* **Work item**:
Copy, word for word, the lines below from the one containing "Used 2022 Nissan" up to and including the one containing "Hawaii - 7 Panel - White Camo (Unisex)", with pictures left out.

___

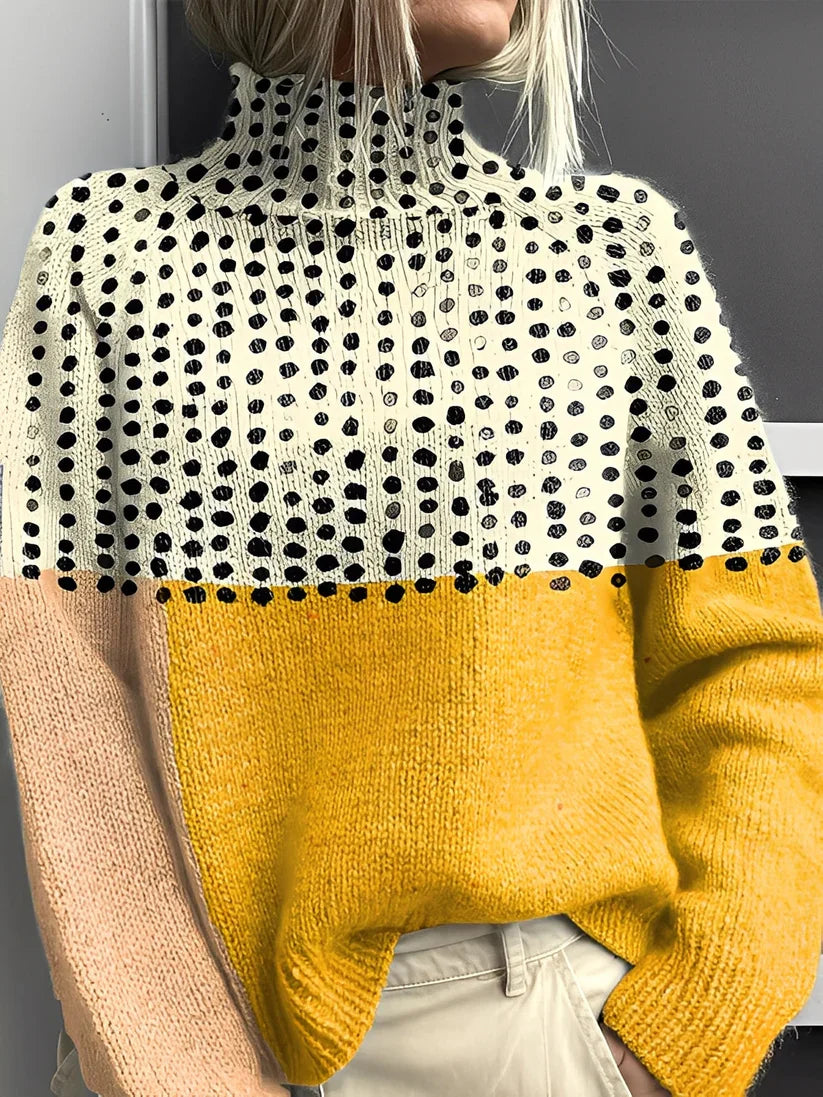 Giselle colorful turtleneck sweater – women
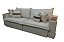SOFA RETR CAPRI 250 LINHO SAT MARFIM/12 - INNOVE - Imagem 1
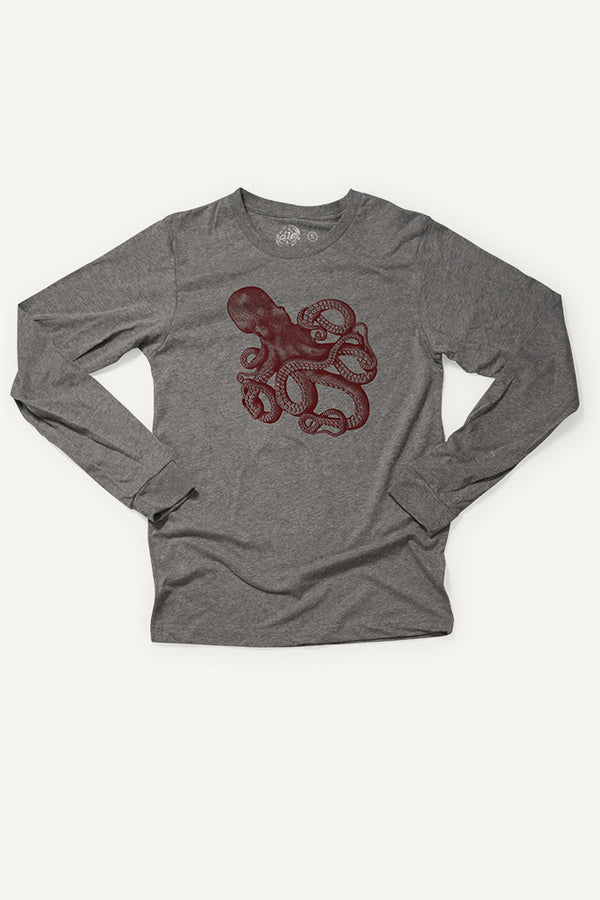 Giant Pacific Octopus Longsleeve Shirt (Unisex)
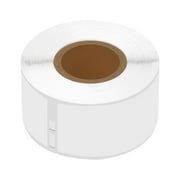 GREENCYCLE 1 Roll (130 labels per roll) Medium Frosted White Address Mailing Multipurpose Labels Compatible for Dymo 30254 1-1/8" x 3-1/2"(28mm x 89mm) LabelWriter Printer,BPA Free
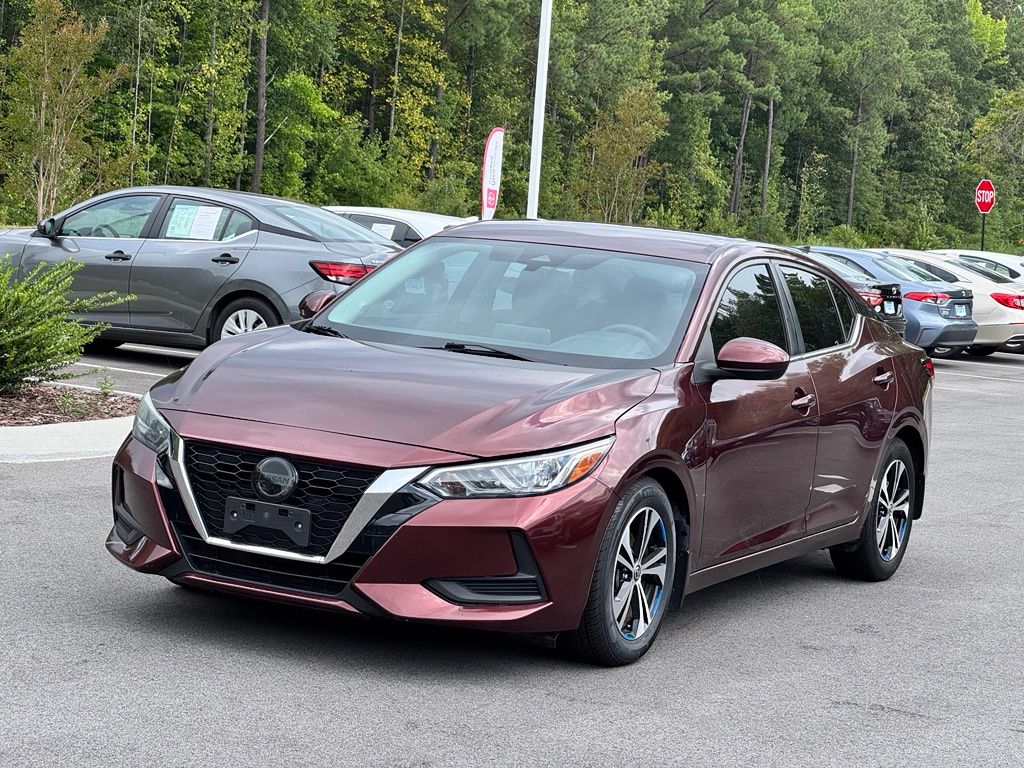 Used 2022 Nissan Sentra SV with VIN 3N1AB8CVXNY231556 for sale in Roanoke Rapids, NC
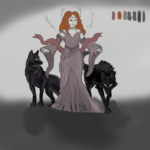 Eu vou ilustrar o seu personagem.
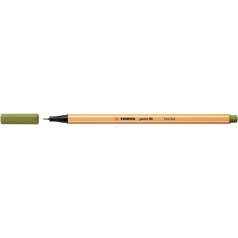   STABILO Tűfilc, 0,4 mm, STABILO "Point 88", sárzöld
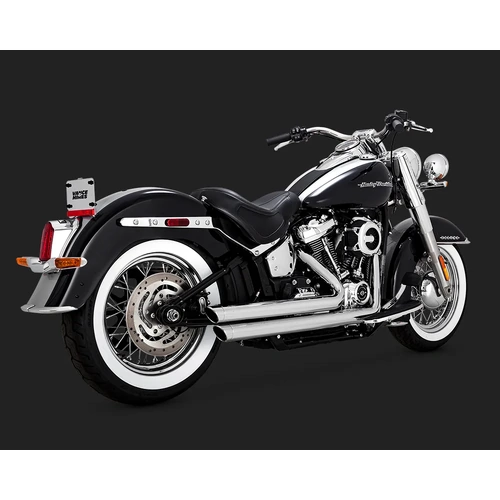 Vance & Hines Bigshot Staggered Chrome Softail 18-20 (Excl Fxdr/Fxbr/Flfb)
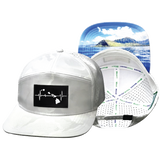 Hawaii - 7 Panel - White Camo (Unisex)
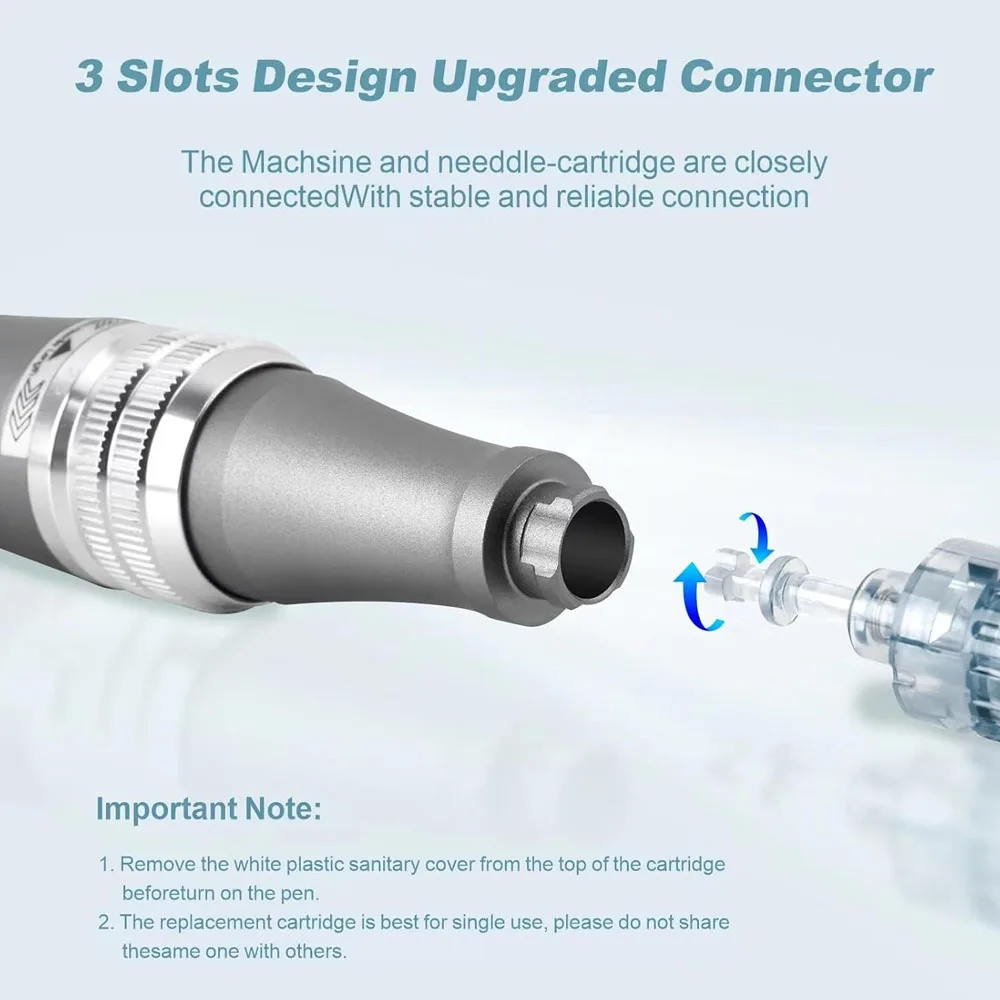 Dr.Pen M8 Dermapen Inalámbrico, Máquina de Microagujas Fácil de Usar en Casa, Incluye 7 Agujas de 16 Pines, 5 Agujas de 36 y 42 Nano Pines, Longitud de 0.25 mm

___

* **Response**:
 Used 2022 Nissan Sentra SV with VIN 3N1AB8CVXNY231556 for sale in Roanoke Rapids, NC
 Eu vou ilustrar o seu personagem.
   STABILO Tűfilc, 0,4 mm, STABILO "Point 88", sárzöld
 Vance & Hines Bigshot Staggered Chrome Softail 18-20 (Excl Fxdr/Fxbr/Flfb)
 Hawaii - 7 Panel - White Camo (Unisex)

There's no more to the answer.